A set of Docker Compose files that allow you to quickly spin up a Graylog instance for testing or demo purposes.
Apache License 2.0
357 stars 134 forks source link

certificates expired for datanode after long downtime #63

Open snab opened 3 months ago

snab commented 3 months ago

Hi, I have a docket-setup of Graylog in my home lab. I was playing with it for some time, switched it then off. Before I restarted it the next time the selfmade certificates of the datanode expired. Now Graylog does not come up again. Here an quote from the log:

INFO [OpensearchProcessImpl] [2024-03-09T13:14:24,051][WARN ][o.o.h.AbstractHttpServerTransport] [opensearch] caught exception while handling client http traffic, closing connection Netty4HttpChannel{localAddress=/172.18.0.2:9200, remoteAddress=/172.18.0.4:47170} datanode_1 | 2024-03-09T13:14:24.053Z INFO [OpensearchProcessImpl] io.netty.handler.codec.DecoderException: javax.net.ssl.SSLHandshakeException: Received fatal alert: certificate_unknown

I think the mechanism to rotate the certs on it's own does only work when Graylog is up and running - but is it not starting here. It's a bit sad not to consider this case.

My suggested fix would be to check the certs during startup and rotate if necessary during startup.

cheers, Snab

j3k0 commented 4 weeks ago

I might have this issue.
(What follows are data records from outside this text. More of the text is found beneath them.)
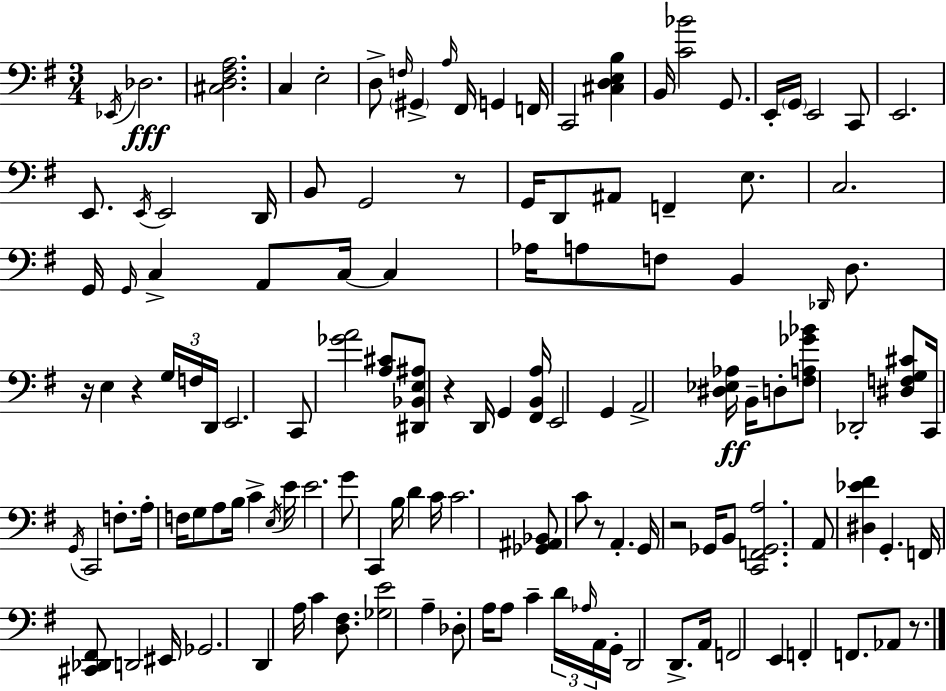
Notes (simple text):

Eb2/s Db3/h. [C#3,D3,F#3,A3]/h. C3/q E3/h D3/e F3/s G#2/q A3/s F#2/s G2/q F2/s C2/h [C#3,D3,E3,B3]/q B2/s [C4,Bb4]/h G2/e. E2/s G2/s E2/h C2/e E2/h. E2/e. E2/s E2/h D2/s B2/e G2/h R/e G2/s D2/e A#2/e F2/q E3/e. C3/h. G2/s G2/s C3/q A2/e C3/s C3/q Ab3/s A3/e F3/e B2/q Db2/s D3/e. R/s E3/q R/q G3/s F3/s D2/s E2/h. C2/e [Gb4,A4]/h [A3,C#4]/e [D#2,Bb2,E3,A#3]/e R/q D2/s G2/q [F#2,B2,A3]/s E2/h G2/q A2/h [D#3,Eb3,Ab3]/s B2/s D3/e [F#3,A3,Gb4,Bb4]/e Db2/h [D#3,F3,G3,C#4]/e C2/s G2/s C2/h F3/e. A3/s F3/s G3/e A3/e B3/s C4/q E3/s E4/s E4/h. G4/e C2/q B3/s D4/q C4/s C4/h. [Gb2,A#2,Bb2]/e C4/e R/e A2/q. G2/s R/h Gb2/s B2/e [C2,F2,Gb2,A3]/h. A2/e [D#3,Eb4,F#4]/q G2/q. F2/s [C#2,Db2,F#2]/e D2/h EIS2/s Gb2/h. D2/q A3/s C4/q [D3,F#3]/e. [Gb3,E4]/h A3/q Db3/e A3/s A3/e C4/q D4/s Ab3/s A2/s G2/s D2/h D2/e. A2/s F2/h E2/q F2/q F2/e. Ab2/e R/e. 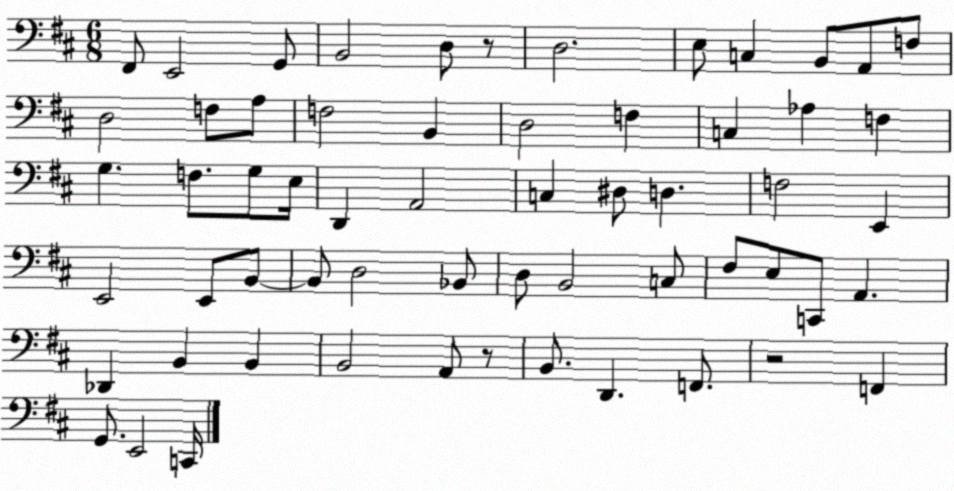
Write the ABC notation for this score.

X:1
T:Untitled
M:6/8
L:1/4
K:D
^F,,/2 E,,2 G,,/2 B,,2 D,/2 z/2 D,2 E,/2 C, B,,/2 A,,/2 F,/2 D,2 F,/2 A,/2 F,2 B,, D,2 F, C, _A, F, G, F,/2 G,/2 E,/4 D,, A,,2 C, ^D,/2 D, F,2 E,, E,,2 E,,/2 B,,/2 B,,/2 D,2 _B,,/2 D,/2 B,,2 C,/2 ^F,/2 E,/2 C,,/2 A,, _D,, B,, B,, B,,2 A,,/2 z/2 B,,/2 D,, F,,/2 z2 F,, G,,/2 E,,2 C,,/4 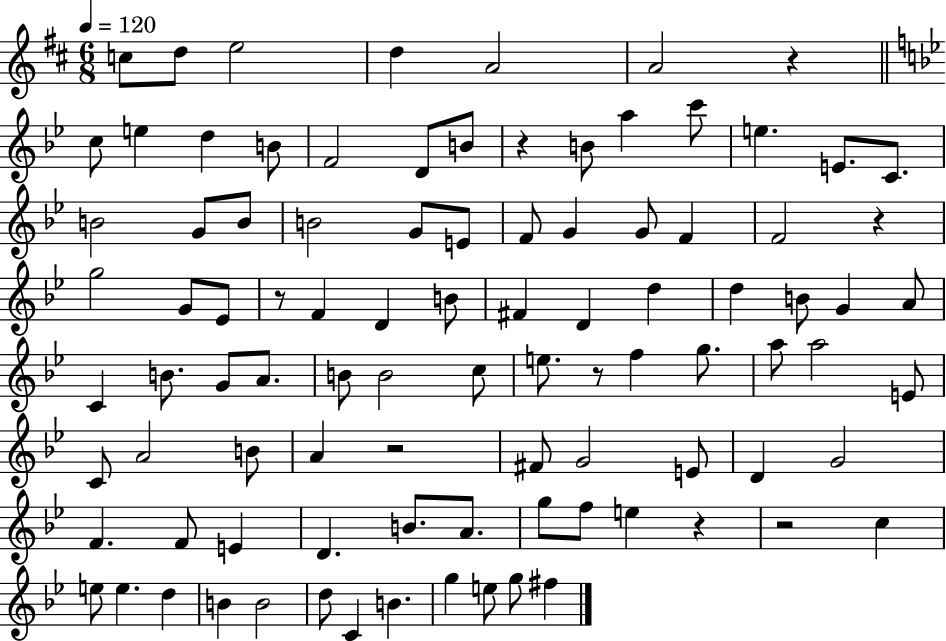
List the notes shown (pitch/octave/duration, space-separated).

C5/e D5/e E5/h D5/q A4/h A4/h R/q C5/e E5/q D5/q B4/e F4/h D4/e B4/e R/q B4/e A5/q C6/e E5/q. E4/e. C4/e. B4/h G4/e B4/e B4/h G4/e E4/e F4/e G4/q G4/e F4/q F4/h R/q G5/h G4/e Eb4/e R/e F4/q D4/q B4/e F#4/q D4/q D5/q D5/q B4/e G4/q A4/e C4/q B4/e. G4/e A4/e. B4/e B4/h C5/e E5/e. R/e F5/q G5/e. A5/e A5/h E4/e C4/e A4/h B4/e A4/q R/h F#4/e G4/h E4/e D4/q G4/h F4/q. F4/e E4/q D4/q. B4/e. A4/e. G5/e F5/e E5/q R/q R/h C5/q E5/e E5/q. D5/q B4/q B4/h D5/e C4/q B4/q. G5/q E5/e G5/e F#5/q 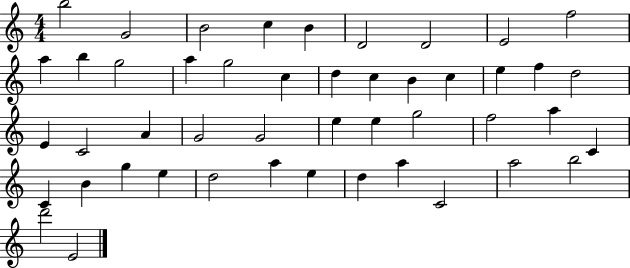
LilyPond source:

{
  \clef treble
  \numericTimeSignature
  \time 4/4
  \key c \major
  b''2 g'2 | b'2 c''4 b'4 | d'2 d'2 | e'2 f''2 | \break a''4 b''4 g''2 | a''4 g''2 c''4 | d''4 c''4 b'4 c''4 | e''4 f''4 d''2 | \break e'4 c'2 a'4 | g'2 g'2 | e''4 e''4 g''2 | f''2 a''4 c'4 | \break c'4 b'4 g''4 e''4 | d''2 a''4 e''4 | d''4 a''4 c'2 | a''2 b''2 | \break d'''2 e'2 | \bar "|."
}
How to solve it?

FingerlessGlov3s commented 3 weeks ago

I have the same problem due to the short certificate times, my mongo db died, and when I came to fix it, I think the process that automaticly renews it then didn't happen, and now I can't get the stack back up.

I can't find any documentation that tells you how to manually renew the certificate when using a built in CA. Just how to do the initial setup.
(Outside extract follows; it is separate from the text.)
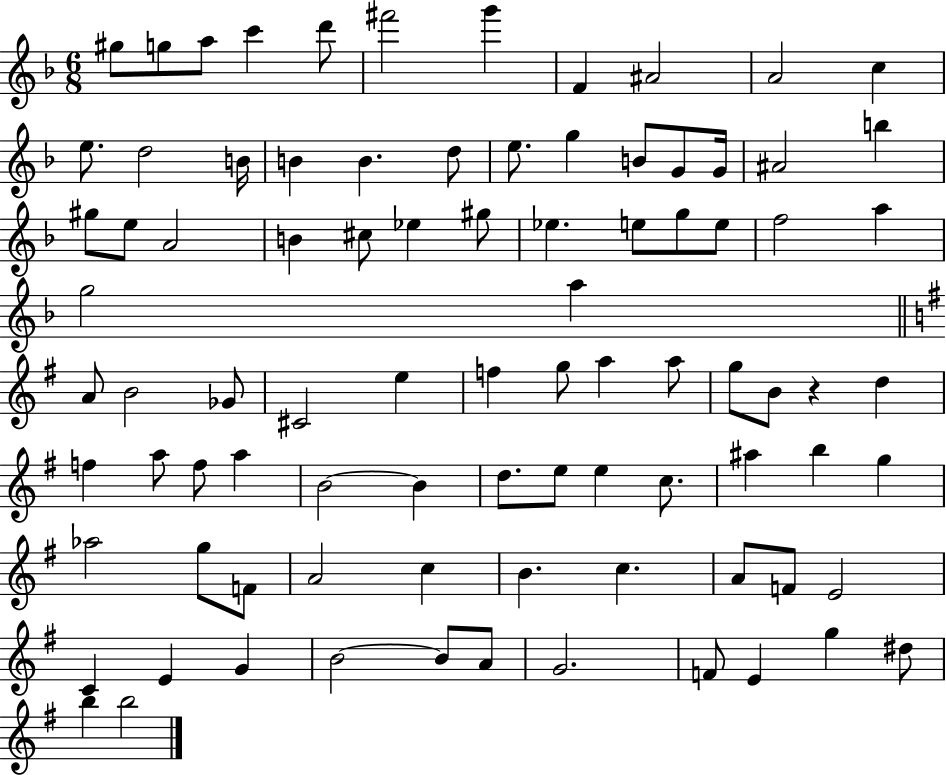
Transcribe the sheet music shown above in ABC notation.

j3k0 commented 3 weeks ago

Happened to me twice that I had to ditch the DB and start fresh (after a few days trying...). Recovery from problems isn't easy.

So I made a mongodump to save inputs, searches and dashboards. Then restored them after a full reset. I recently found out you can also export those into a "content pack" (System -> Content Pack).
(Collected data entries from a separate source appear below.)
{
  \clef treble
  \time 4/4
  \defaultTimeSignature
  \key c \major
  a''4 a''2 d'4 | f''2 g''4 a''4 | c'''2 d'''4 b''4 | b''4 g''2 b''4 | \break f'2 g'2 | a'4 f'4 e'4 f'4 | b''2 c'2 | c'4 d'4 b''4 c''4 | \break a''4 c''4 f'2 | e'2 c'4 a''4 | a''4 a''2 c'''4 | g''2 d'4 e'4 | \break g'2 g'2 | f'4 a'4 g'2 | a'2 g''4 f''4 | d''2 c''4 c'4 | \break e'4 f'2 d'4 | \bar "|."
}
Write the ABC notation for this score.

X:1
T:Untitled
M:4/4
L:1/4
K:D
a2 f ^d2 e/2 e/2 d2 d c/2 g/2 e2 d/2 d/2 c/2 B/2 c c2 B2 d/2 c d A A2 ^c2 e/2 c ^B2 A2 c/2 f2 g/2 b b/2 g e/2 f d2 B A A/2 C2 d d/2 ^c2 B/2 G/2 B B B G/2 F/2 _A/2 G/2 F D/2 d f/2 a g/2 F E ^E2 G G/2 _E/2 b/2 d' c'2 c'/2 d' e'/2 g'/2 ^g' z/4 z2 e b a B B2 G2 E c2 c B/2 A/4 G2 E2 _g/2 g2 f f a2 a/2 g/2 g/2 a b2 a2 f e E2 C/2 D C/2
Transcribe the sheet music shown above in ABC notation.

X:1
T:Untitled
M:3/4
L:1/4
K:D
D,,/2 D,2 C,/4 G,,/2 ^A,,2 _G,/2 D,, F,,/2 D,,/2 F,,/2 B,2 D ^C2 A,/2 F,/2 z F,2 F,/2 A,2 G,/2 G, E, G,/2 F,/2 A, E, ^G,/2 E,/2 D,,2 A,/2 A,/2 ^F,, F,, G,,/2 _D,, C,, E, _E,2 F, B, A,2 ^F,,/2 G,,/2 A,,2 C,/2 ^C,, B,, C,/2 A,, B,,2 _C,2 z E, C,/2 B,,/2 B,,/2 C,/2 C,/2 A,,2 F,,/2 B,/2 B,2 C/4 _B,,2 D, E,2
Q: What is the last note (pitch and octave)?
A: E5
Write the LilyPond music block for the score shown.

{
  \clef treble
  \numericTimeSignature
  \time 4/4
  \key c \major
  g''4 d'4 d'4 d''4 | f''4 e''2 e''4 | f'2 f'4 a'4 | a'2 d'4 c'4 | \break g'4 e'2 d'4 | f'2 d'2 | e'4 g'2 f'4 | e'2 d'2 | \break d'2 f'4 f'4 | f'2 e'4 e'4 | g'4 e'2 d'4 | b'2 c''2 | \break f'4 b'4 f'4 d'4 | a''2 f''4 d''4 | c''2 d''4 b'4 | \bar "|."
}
The logs are lost, but it's OK if that only happens from time to time.

FingerlessGlov3s commented 3 weeks ago

I finally managed to fix it. Well a workaround.

I connected to the datanode https API instance on port 9200, to check when the certificate expired. Stopped the containers. I then disabled NTP on the host and then set the time on the server to one day before the expiry. Started all the containers, 3-4 minutes later, I went to 9200 again and could see the certificate had renewed. Luckily I didn't need to repeat this process again with an interim date, as the new certs date range included todays date, as it only expired 20 days ago. I then stopped the containers, renabled ntp again, which brought the date back to current. Started containers and then it all worked again.

Hopefully you get this problem again or someone else does, they can try the above workaround. A proper fix would indeed be better though, like a force renew command or something to temporary disable the cert check, so it can get in and renew it via the APIs, it doesn't trust due to the date being wrong.

todvora commented 1 week ago

Hi everyone, I just wanted to let you know that I am working on a better way of certificate renewal with your problems in my mind. Thanks for your feedback and reports!

Best regards, Tomas